The forests of Palakkad, though dense, humid and filled with fascinating creatures in their own right, are certainly not where you expect to find the cries of blue-and-gold macaus, Brazilian toucans or white cockatoos. But as you roll into Puthanveedu, an unassuming compound in the quiet leafy town of Cherupulasseri, this is exactly what you hear, over a baseline of twenty dogs heralding your arrival.
The compound is home to over 100 fascinating animals and birds including South American birds, Iranian and Pakistani goats, tiny tropical monkeys and oversized squirrels, and dogs from all over the world, including breeds native to China, Japan, and Alaska.
Shafi, the long-haired animal caretaker at the compound, wearing a distinctive Bob Marley t-shirt, walks us through different enclosures. The enormous bird enclosure houses eight different breeds of macau parrots, pheasants, cranes, gray parrots native to the Middle East (apparently the most talkative of them all when alone with their trainers, although he says they seem to show an odd kind of stage fright in the presence of visitors), doves, cockatoos, lorie birds, lovebirds, toucans and a kind of parrot that interbred in its new habitat to form what Shafi says is a new variety altogether.
White cockatoos and a blue and yellow macau
The same enclosure also houses a couple of squirrels, which are larger and a lighter shade of brown than the ones native to Palakkad, and two tiny marmoset monkeys. All of about three inches tall, the pair bare their teeth and twist their small, perfectly chiselled, almost human-like faces into ferocious grimaces at passing visitors.
A pair of hand-sized marmosets.
The next enclosure is home to about twenty dogs, and Shafi tells us to walk very carefully in the centre of the walkway that passes through it, mostly because a few dogs have earned a reputation for biting unsuspecting visitors. The enclosure houses a sleepy-looking Japanese Akita, a fluffy and similarly sleepy Chinese Chow Chow, a rather ferocious collie (whose sleek, long nose is thin enough to easily slide through the bars of its cage, and tops the list of alleged biters, with 15 bites to his name so far), two drooling St Bernards, a Rottweiler, two golden retrievers, a few pugs and pug puppies, a Great Dane, an Alsatian, a couple of British bulldogs and a gregarious heterochromic husky, among others.
A Golden Retriever and a heterochromic husky.
The next building houses two ponies and some goats. Some of the goats are native to the region, while others are from Iran and Pakistan. When we visited their enclosure, one of the goats, a pregnant one, was roaming about freely in the walkway. Shafi assures us that despite the relatively imposing looking horns and goats’ general reputation for head-butting, she doesn’t actually hurt anyone.
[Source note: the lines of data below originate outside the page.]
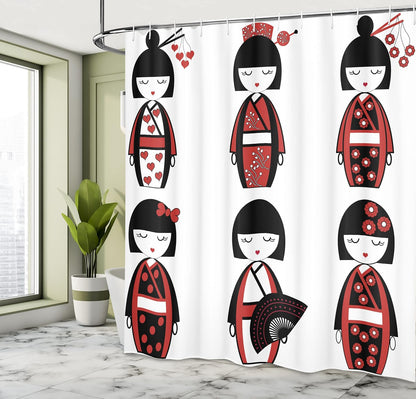 Ambesonne Ethnic Shower Curtain, Unique Geisha Dolls in Folkloric Costumes, Bathroom Decor Set, 69" W x 70" L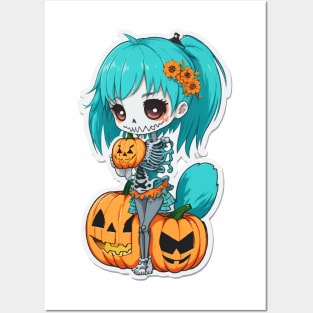 Halloween Skeleton Kawaii Girl Posters and Art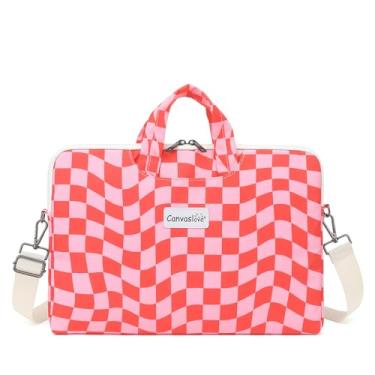 Imagem de Canvaslove Bolsa de ombro resistente à água para laptop MacBook Pro de 16 polegadas e 15,6 polegadas e 16 polegadas, Grade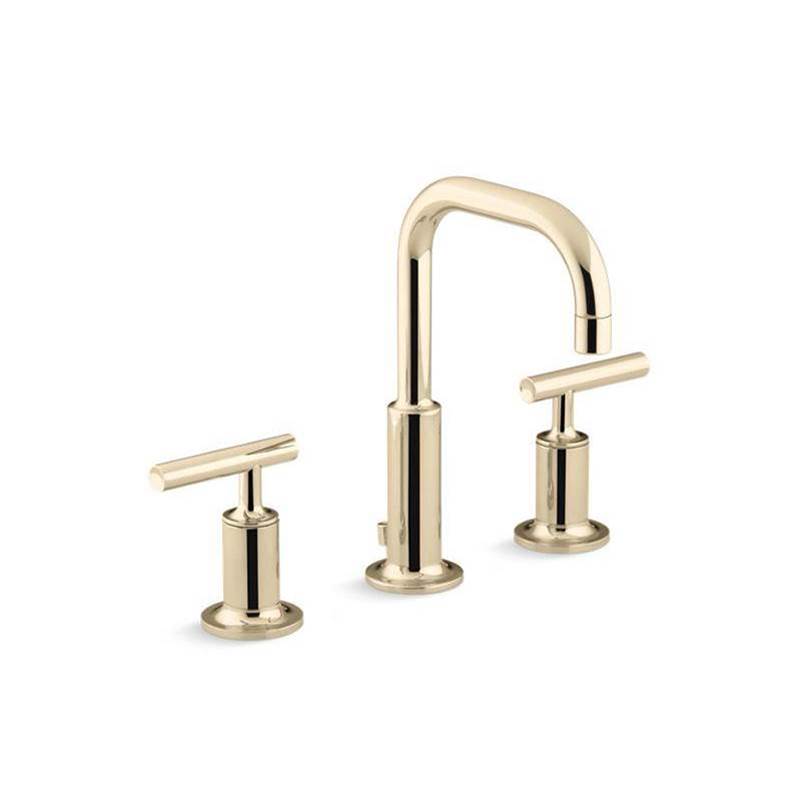 Kohler - Purist Widespread bathroom sink faucet with Lever handles, 1.2 gpm - Vibrant French Gold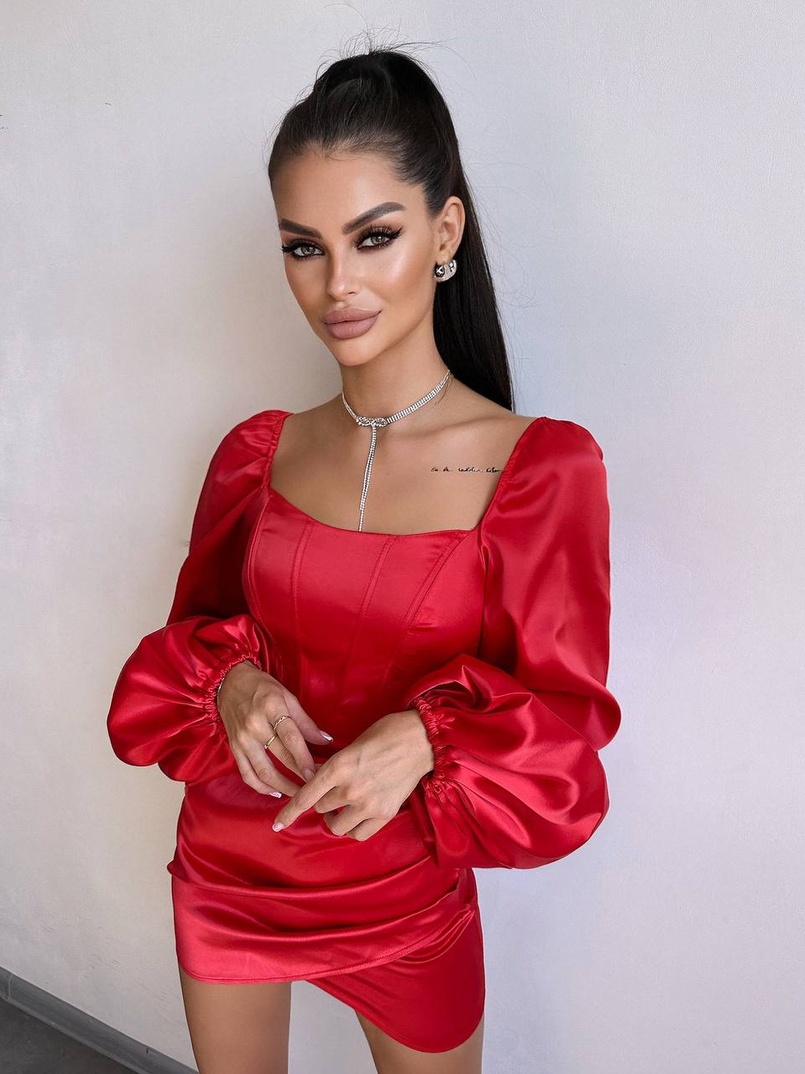 Атласний  комплект: корсет + спідниця з драпіруванням Атласний  комплект: корсет + спідниця з драпіруванням | PUSHKA SHOP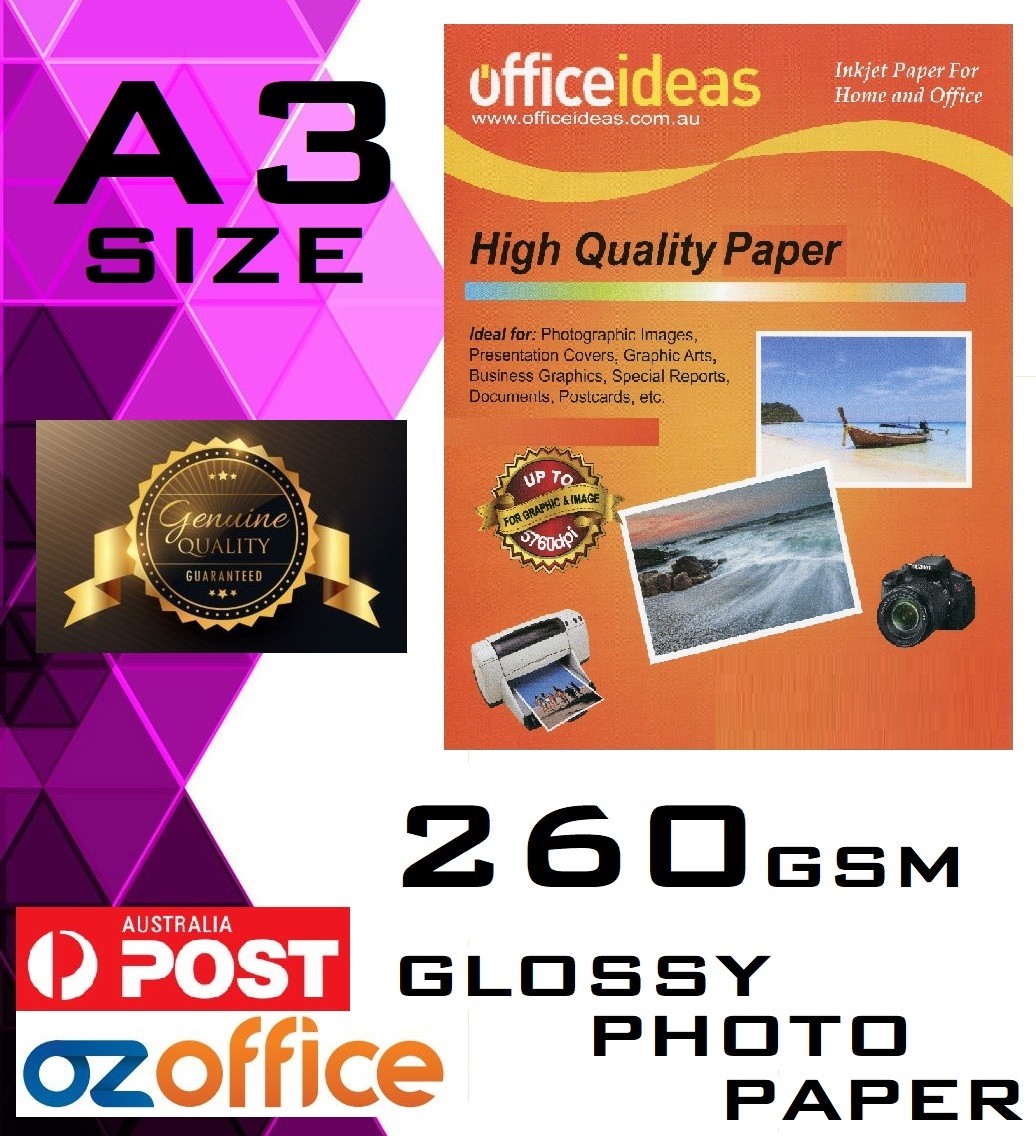 PREMIUM 100 x Glossy Grain A3 Photo Paper RC Base Inkjet Print Glossy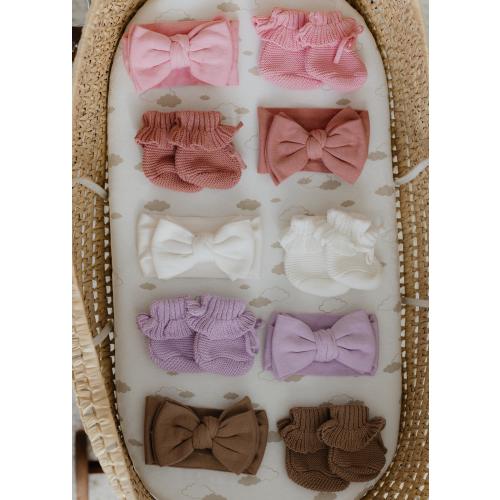 Knit baby bow & bootie set newborn knot headband ruffle booties coming home outfit accessories hospital clothes infant girl shower gift set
A free, friendly, pregnant goat.
He mentions that there used to be many more birds and animals (and a camel!) that were (perhaps rather predictably) found to be unsuitable for the hot, humid climate of Palakkad. Some of the birds died, while the camel was shifted to a specialised facility in Tamil Nadu.
Raju, a member of the extended joint family that maintains the compound, says the enclosure has five regular employees who are paid about Rs 400 a day, with an additional Rs 200 for incidental expenses. They also have a kitchen on-site with a cook, to prepare food for the employees and animals. They also take pride in feeding any visitor who may announce that they’re hungry whilst on their premises. Raju says the compound sees about 100 visitors on an average day, in addition to groups of children coming in from schools as part of school tours.
The animals are evidently fed high-quality food, and their enclosures, which some may say are too small to hold such creatures, are indeed cleaner and roomier than most dog or bird cages you tend to find in Kerala. The dog cages even have their own automatic flush tanks for easy and effective cleaning.
A shy and sleepy Chinese Chow-Chow.
When this reporter visited, the food trays in the bird enclosures held the remnants of pomegranates and guavas, and Shafi told us that the birds were fed eggs and bread in the morning, fruit in the early afternoon, and sunflower and bird seeds with honey in the evenings. The dogs were fed on a diet of high-quality meat, gizzards, inexpensive fish like sardines, and premium Burns dog food. The horses and goats, meanwhile, ate hay shipped in from Bangalore, in addition to specialised horse-feed.
Housing these many rare animals also means that there’s plenty of money spent on medical treatments and vaccinations. “For ordinary maladies, a doctor from the local government hospital is brought in, and for special cases, we bring in a doctor from Thrissur,” says Raju.
While Raju hesitates to mention the exact figure that they spend on the animals, Shafi casually estimates that it’s easily about Rs 30,000 a day, but probably much more.
The family that maintains the compound is that of the mysterious and media-shy Kollam-based businessman Sunil Swamy. As known through the grapevine, Sunil, despite being a multi-millionaire and owner of several luxury cars kept at properties all over South India, sleeps on the floor of his bedroom on a mat, and has never married, being a passionate Ayyappa devotee. He’s also previously been involved in controversies regarding his great influence on the Sabarimala temple and the Devaswom board.